Use LLVM SanitizerCoverage?

eurecom-s3 / symcc

SymCC: efficient compiler-based symbolic execution

http://www.s3.eurecom.fr/tools/symbolic_execution/symcc.html

GNU General Public License v3.0

773 stars 135 forks source link

Use LLVM SanitizerCoverage? #37

Open sebastianpoeplau opened 3 years ago

sebastianpoeplau commented 3 years ago

SymCC inserts calls at the beginning of each basic block, as well as for calls and returns, to support the QSYM backend's context-aware pruning. Recent versions of LLVM have support for coverage tracing (see https://clang.llvm.org/docs/SanitizerCoverage.html), so we could consider using their mechanism instead of the custom callbacks. However, I'm not totally certain that we would get an overall benefit, and we need to support relatively old versions of LLVM.

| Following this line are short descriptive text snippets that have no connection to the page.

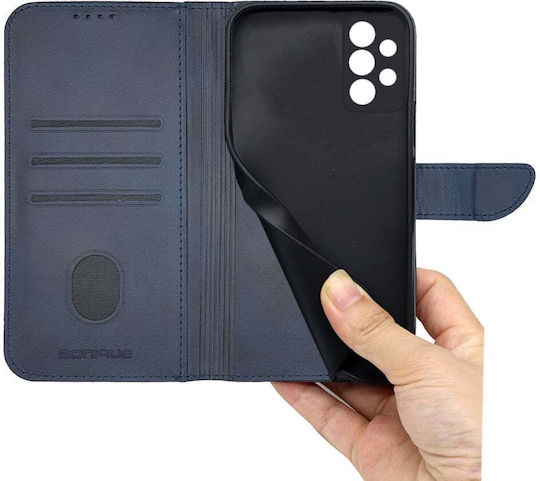Sonique Urban Wallet Mobile Phone Case Samsung Galaxy A23 5G Galaxy A23 4G Dark Blue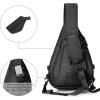 imageG4Free Tactical EDC Sling Backpack Military Rover Shoulder Sling Bag Pack with Pistol Holster for Concealed CarryBlack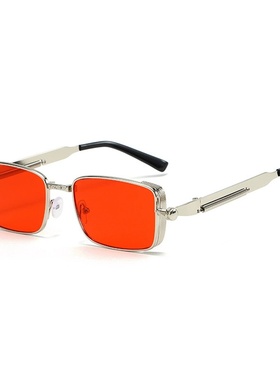 复古方框蒸汽朋克眼镜时尚太阳镜女sunglasses欧美嘻哈个性墨镜男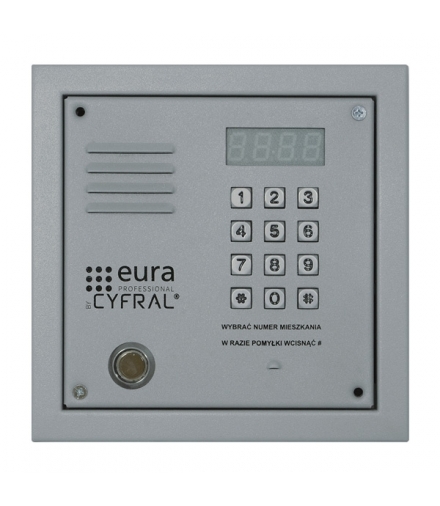 PANEL CYFROWY CYFRAL PC-2000D srebrny z Dallas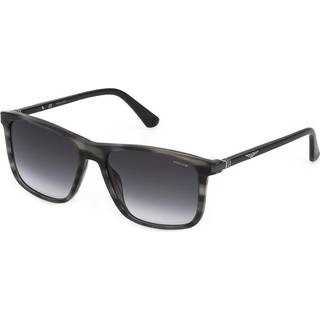 Police SPLE05 6K3F 57 Solbriller Mænd Tortoiseshell - Grey Tortoise - 57mm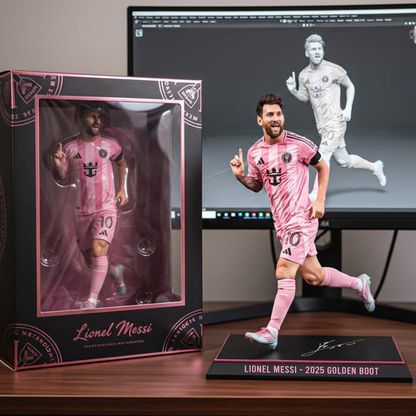 Premium MLS LNM Golden Boot 2025 Winner Acrylic Plaque V3 NMD TTV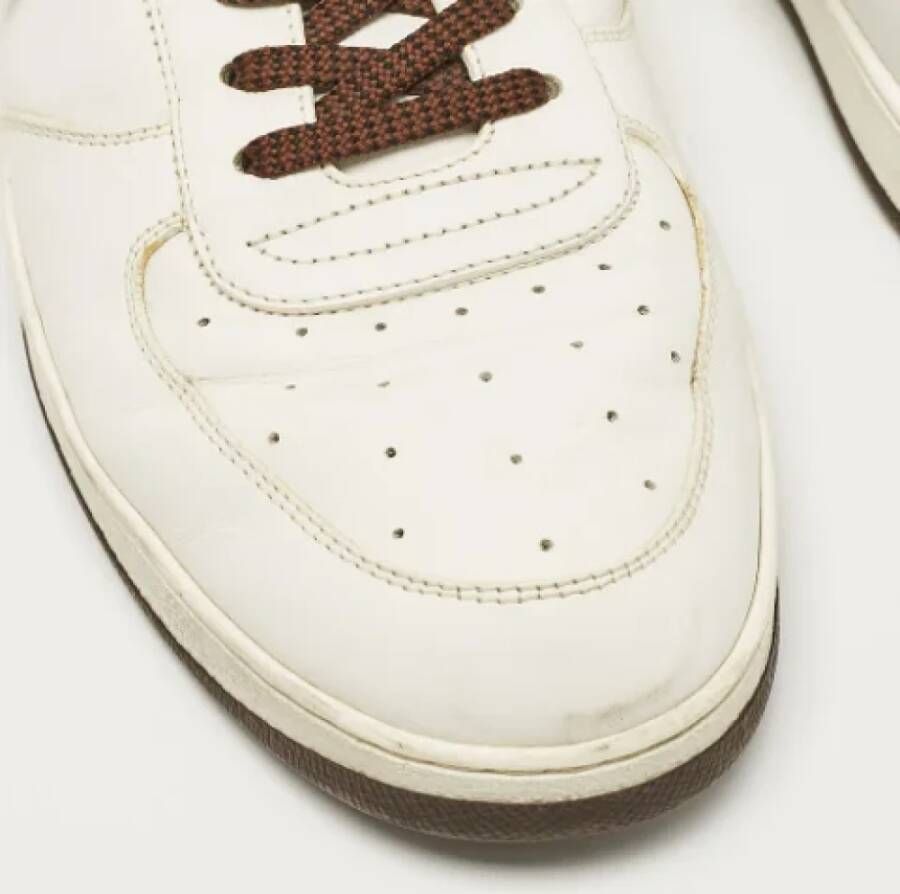 Louis Vuitton Vintage Pre-owned Canvas sneakers White Heren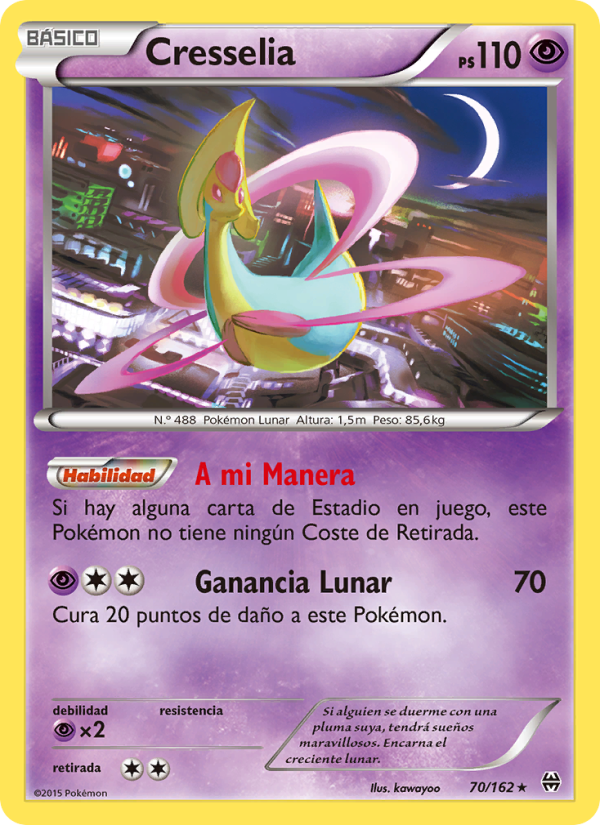 Cresselia 70 — BREAKthrough (Spanish Pokémon TCG card)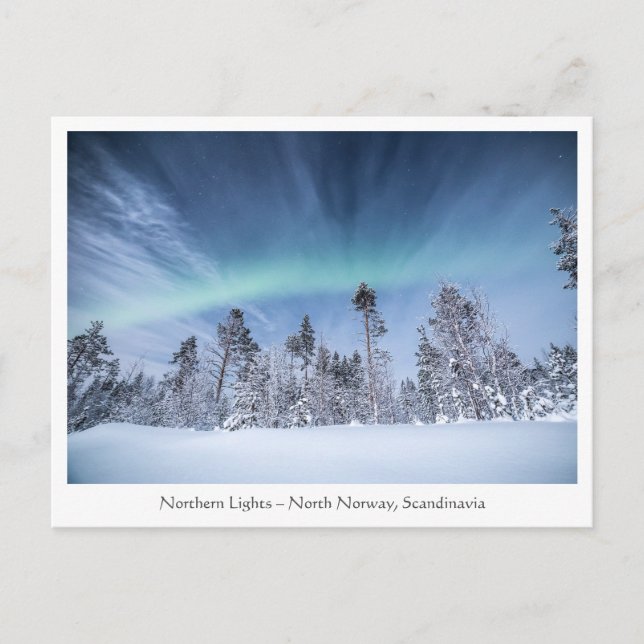 Nordlichter Norwegen Postkarte (Vorderseite)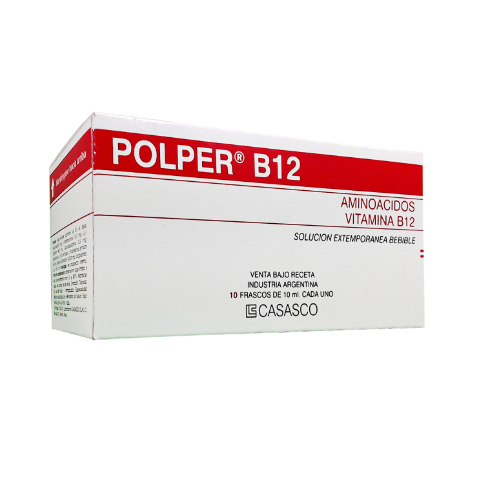 Polper Cianocobalamina Glutaina 0.5mg/60mg Casasco 10 Frasco x 1 Dosis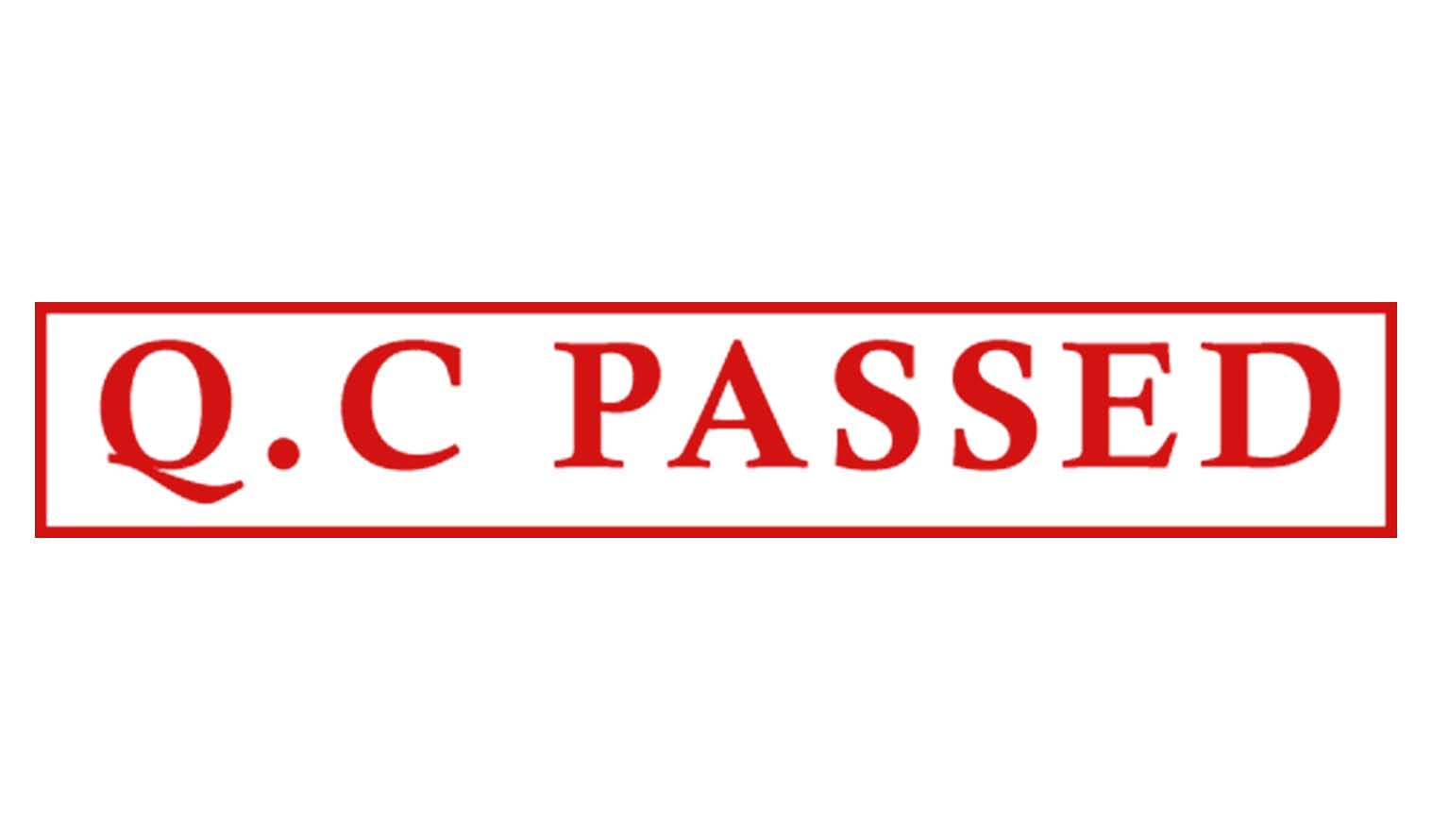 Printtoo Q.C Passed Self Inking Rubber Stamp Pre-Inked Office Stamp- Home Office Business Stationery, Red- 42 x 9 mm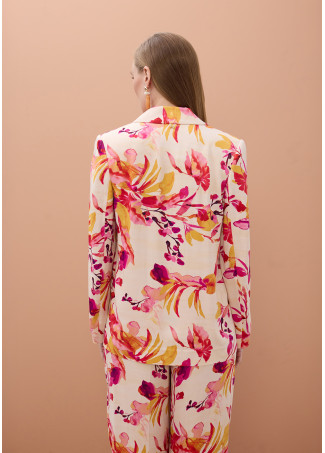 Blazer Fluide Imprimé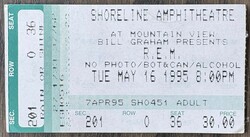 R.E.M. / Sonic Youth on May 16, 1995 [734-small]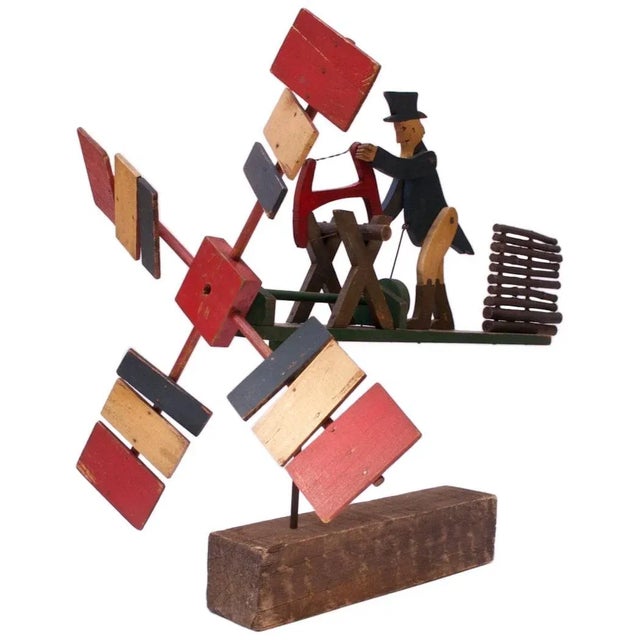 Early 20th Century Americana Uncle Sam Lumberjack Whirligig For Sale - Image 13 of 13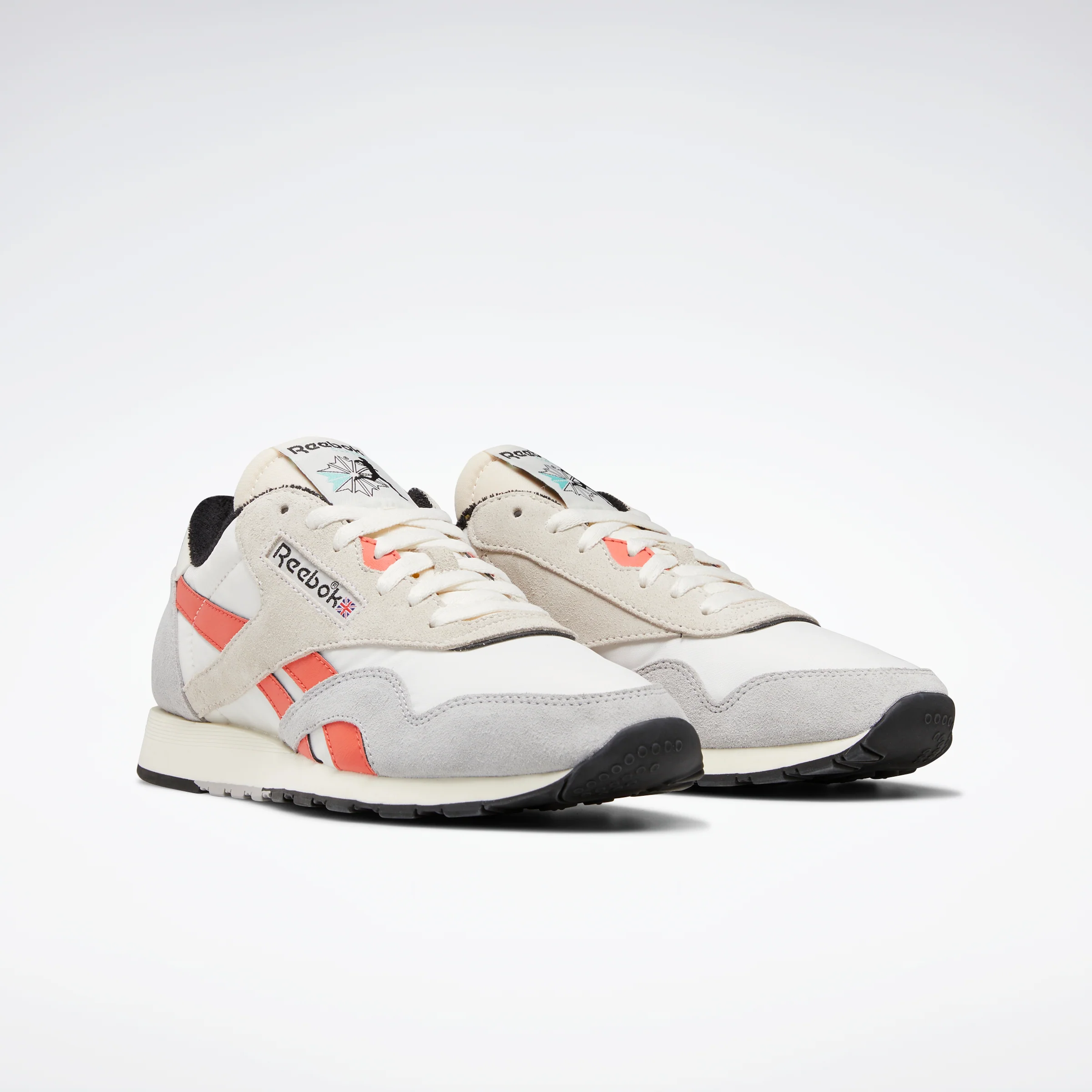 Reebok Footwear Men Classic Nylon Vintage Shoes Chalk/Pugry3/Cblack - Image 3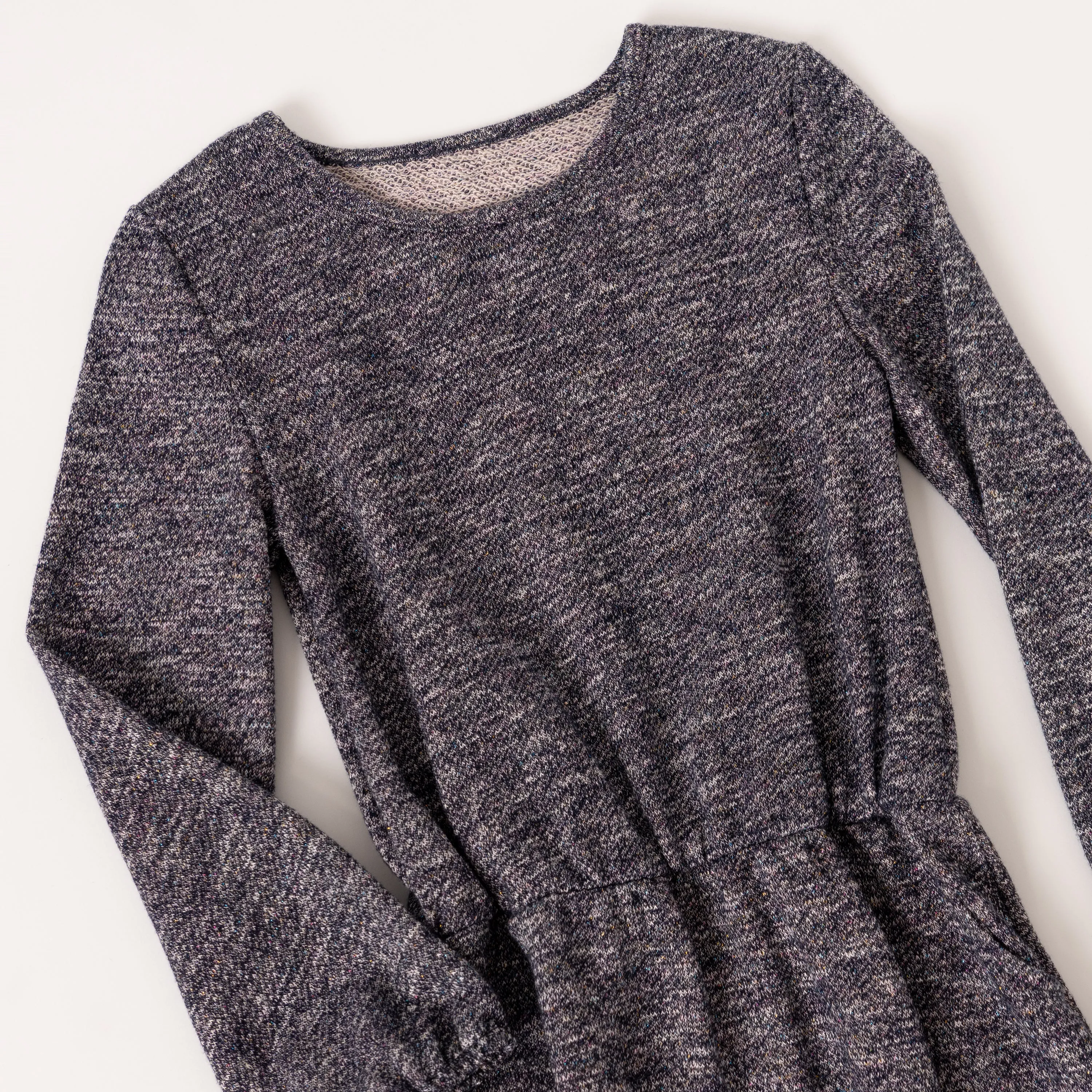 Metallic Fleece Dress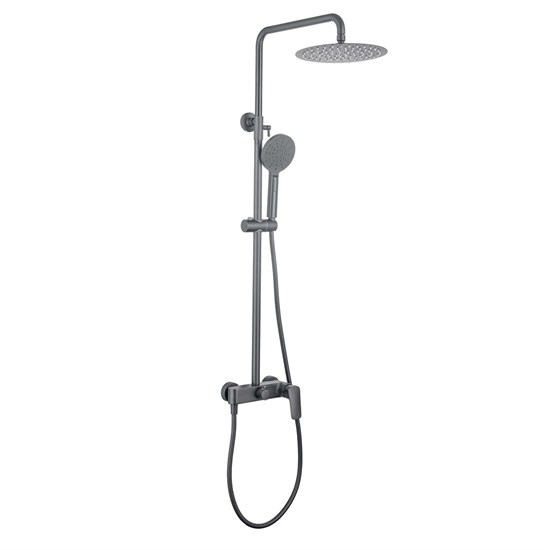 AQUATEK AQ2060BGM ВЕГА Душевая система (Смеситель для душа) 3jet 250мм, оружейная сталь AQ2060BGM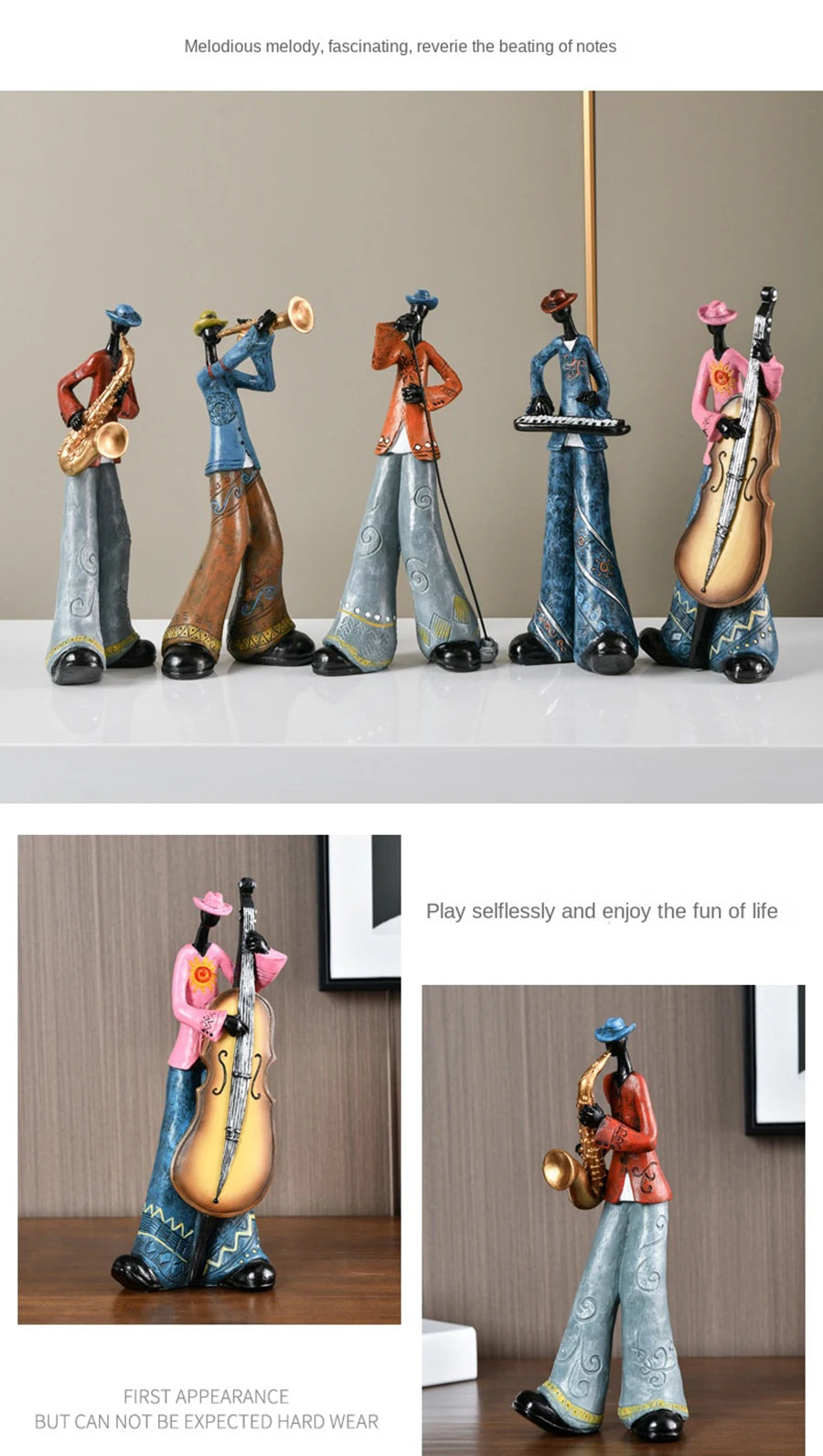 Musician Resin Sculpture Collection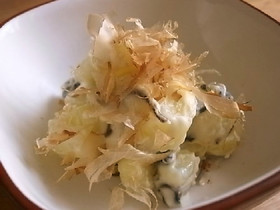 じゃがいもとクリームチーズの塩昆布和え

I'll leave this issue around as a reminder, to be re-evaluated later.

vanhauser-thc commented 3 years ago

"recent" is since 4.0.1 which is totally outdated :) - or do you mean a specific feature? note that llvm 7.0 onwards does not instrument every block by default but only the necessary edges on a unique path, however this can be changed by options.

sebastianpoeplau commented 3 years ago

Maybe basic tracing is enough, but we need a way to identify call and return sites as well. Not sure if this requires PC tables, which are still marked experimental as of LLVM 11.

In the end, we need to add our own instrumentation to every call anyway (in order to communicate symbolic expressions for arguments and to store the expression of the result), so I'm mainly wondering whether we would gain anything by using the LLVM mechanism. What do you think?

vanhauser-thc commented 3 years ago

if you want to identify and instrument calls then you need to write an LLVM plugin.

See e.g. https://github.com/AFLplusplus/AFLplusplus/blob/dev/instrumentation/cmplog-routines-pass.cc.

here we parse all calls in a target, extract the parameters and if they are strings then we use these parameters to a call to our own function we insert.